What you think about feeling positive and negative emotions influences in:   

• Allowing yourself to feel an emotion– If you think that you should not feel negative emotions, every time you feel negative emotion you will not allow yourself to feel it thus suppressing the emotion.  

• How long you hold onto the emotion -  If you prefer being happy as that is the emotion you think is expected off you in your environment, you’ll want to hold onto happiness. But in reality, Happiness or any other emotion comes and goes. 

• How you react while experiencing the emotion - If you’ve developed a thought that you have to be confident almost always, you’ll not be able to process when you feel anxious and might get angry at yourself for feeling anxious. 

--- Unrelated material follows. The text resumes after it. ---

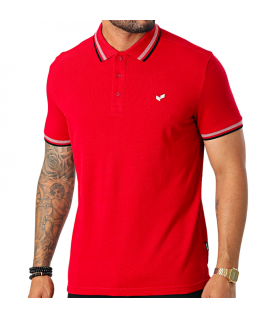 KAPORAL Polo Rayoc Rouge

• Getting judgmental of yourself for feeling an emotion – Sometimes, you might be the only person feeling a certain emotion in a situation while others around you seem neutral. At this point, you might judge yourself as being ‘too emotional’.  Any or all these thoughts may lead one to feel moody/ anxious / experience as though their emotions stemmed out of nowhere/ and have trouble getting out of a particular mood. Most of the process of how our thoughts affect our emotions occur subconsciously.

Gentle reminder: All emotions serve a purpose. Allowing yourself to feel them without getting judgmental about yourself feeling a particular way is essential to achieve emotional well-being.